The Queue Method: Handling Delay, Heuristics, Prior Data, and Evaluation in Bandits
Abstract
Current algorithms for the standard multi-armed bandit problem have good empirical performance and optimal regret bounds. However, real-world problems often differ from the standard formulation in several ways. First, feedback may be delayed instead of arriving immediately. Second, the real world often contains structure which suggests heuristics, which we wish to incorporate while retaining strong theoretical guarantees. Third, we may wish to make use of an arbitrary prior dataset without negatively impacting performance. Fourth, we may wish to efficiently evaluate algorithms using a previously collected dataset. Surprisingly, these seemingly-disparate problems can be addressed using algorithms inspired by a recently-developed queueing technique.
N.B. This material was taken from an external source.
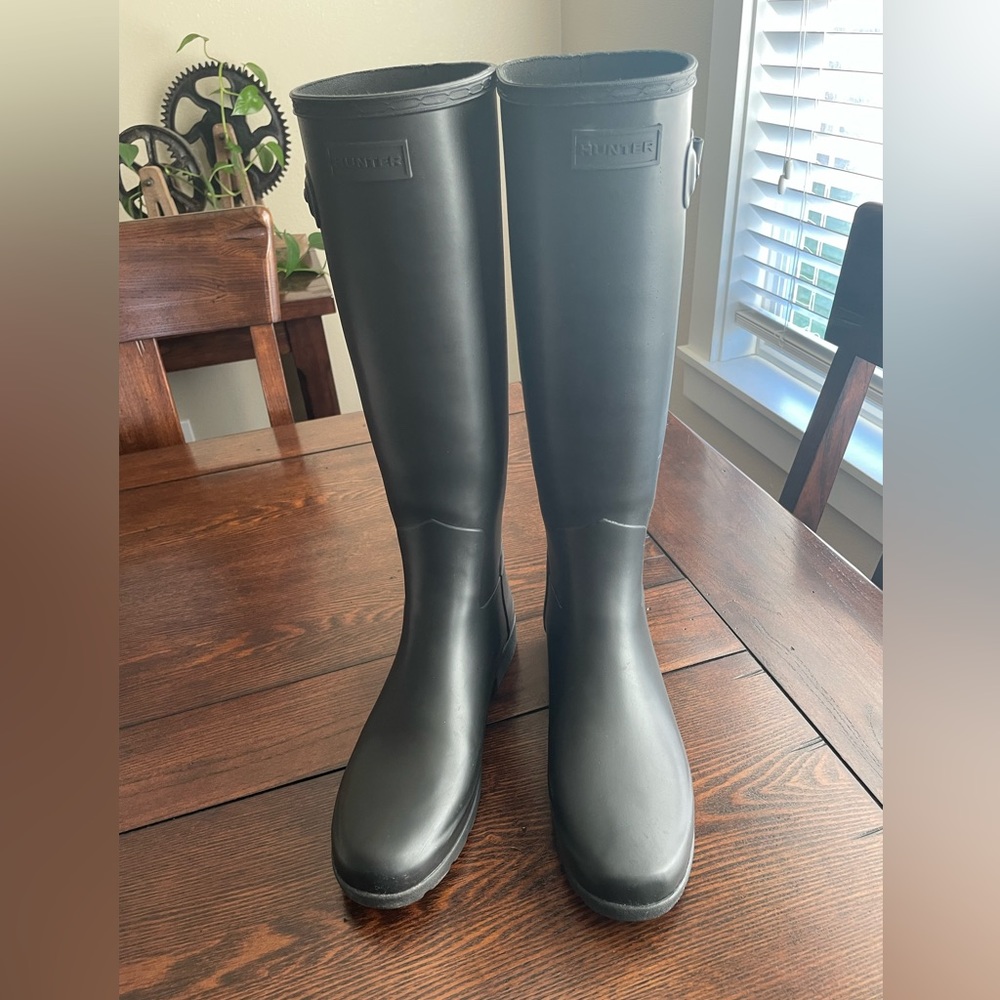 Hunter Refined Boots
We present the Stochastic Delayed Bandits (SDB) algorithm as a solution to these four problems, which takes black-box bandit algorithms (including heuristic approaches) as input while achieving good theoretical guarantees. We present empirical results from both synthetic simulations and real-world data drawn from an educational game. Our results show that SDB outperforms state-of-the-art approaches to handling delay, heuristics, prior data, and evaluation.
Authors
Travis Mandel
Yun-En Liu
Emma Brunskill
Zoran Popović
Resources
The Queue Method: Handling Delay, Heuristics, Prior Data, and Evaluation in Bandits
Travis Mandel, Yun-En Liu, Emma Brunskill, Zoran Popović
AAAI Conference on Artificial Intelligence (AAAI 2015)
[Full Paper (1.8 MB PDF)]
[Appendix (Contains proofs and additional empirical results) (1.1 MB PDF)]
Note: Paper updated in July 2016 to correct a small error in the statement of the pseudocode.
   
   
Treefrog Treasure (educational numberline game used in our experiments)
Project Website
[Play Treefrog Treasure! (Requires Adobe Flash Player)]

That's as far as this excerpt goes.